[[ Data shown, beginning ]]

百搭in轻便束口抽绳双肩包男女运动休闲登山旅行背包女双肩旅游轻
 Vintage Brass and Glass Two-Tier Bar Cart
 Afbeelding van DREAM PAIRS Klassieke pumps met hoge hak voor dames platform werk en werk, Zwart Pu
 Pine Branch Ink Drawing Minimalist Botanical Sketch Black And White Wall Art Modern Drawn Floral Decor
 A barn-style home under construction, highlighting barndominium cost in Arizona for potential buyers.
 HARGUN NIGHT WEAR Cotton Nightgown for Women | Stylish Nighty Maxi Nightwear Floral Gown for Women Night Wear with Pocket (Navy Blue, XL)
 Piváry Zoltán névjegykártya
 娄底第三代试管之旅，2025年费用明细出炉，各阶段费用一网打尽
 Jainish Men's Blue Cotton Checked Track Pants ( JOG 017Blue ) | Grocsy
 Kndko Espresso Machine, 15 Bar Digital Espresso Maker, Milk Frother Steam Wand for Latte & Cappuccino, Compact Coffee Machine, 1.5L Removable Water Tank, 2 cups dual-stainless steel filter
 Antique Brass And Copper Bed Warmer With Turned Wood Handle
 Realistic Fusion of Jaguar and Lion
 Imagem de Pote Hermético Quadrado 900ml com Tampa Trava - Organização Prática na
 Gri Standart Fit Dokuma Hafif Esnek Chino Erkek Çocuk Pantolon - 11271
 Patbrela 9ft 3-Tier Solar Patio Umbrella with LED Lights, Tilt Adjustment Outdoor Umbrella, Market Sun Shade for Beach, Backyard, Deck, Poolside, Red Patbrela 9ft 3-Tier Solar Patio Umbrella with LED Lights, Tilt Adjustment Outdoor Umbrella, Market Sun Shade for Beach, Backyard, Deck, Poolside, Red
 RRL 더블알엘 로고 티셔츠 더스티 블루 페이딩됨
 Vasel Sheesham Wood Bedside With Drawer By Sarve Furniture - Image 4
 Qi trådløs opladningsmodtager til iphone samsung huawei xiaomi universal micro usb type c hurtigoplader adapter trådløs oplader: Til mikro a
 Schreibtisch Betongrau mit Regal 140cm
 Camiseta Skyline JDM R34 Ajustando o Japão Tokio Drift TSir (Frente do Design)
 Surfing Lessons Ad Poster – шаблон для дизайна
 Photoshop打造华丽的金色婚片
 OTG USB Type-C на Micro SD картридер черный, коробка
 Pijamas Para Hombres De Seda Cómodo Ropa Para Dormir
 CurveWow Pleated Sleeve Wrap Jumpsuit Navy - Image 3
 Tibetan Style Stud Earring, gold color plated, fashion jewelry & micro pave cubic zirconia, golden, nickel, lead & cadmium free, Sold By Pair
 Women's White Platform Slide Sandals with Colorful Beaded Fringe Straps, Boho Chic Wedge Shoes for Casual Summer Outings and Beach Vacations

[[ Data shown, end ]]

> _What the task asks_:
Return each line above where the word "Beach" shows up.

> _Response area_:
 Patbrela 9ft 3-Tier Solar Patio Umbrella with LED Lights, Tilt Adjustment Outdoor Umbrella, Market Sun Shade for Beach, Backyard, Deck, Poolside, Red Patbrela 9ft 3-Tier Solar Patio Umbrella with LED Lights, Tilt Adjustment Outdoor Umbrella, Market Sun Shade for Beach, Backyard, Deck, Poolside, Red
 Women's White Platform Slide Sandals with Colorful Beaded Fringe Straps, Boho Chic Wedge Shoes for Casual Summer Outings and Beach Vacations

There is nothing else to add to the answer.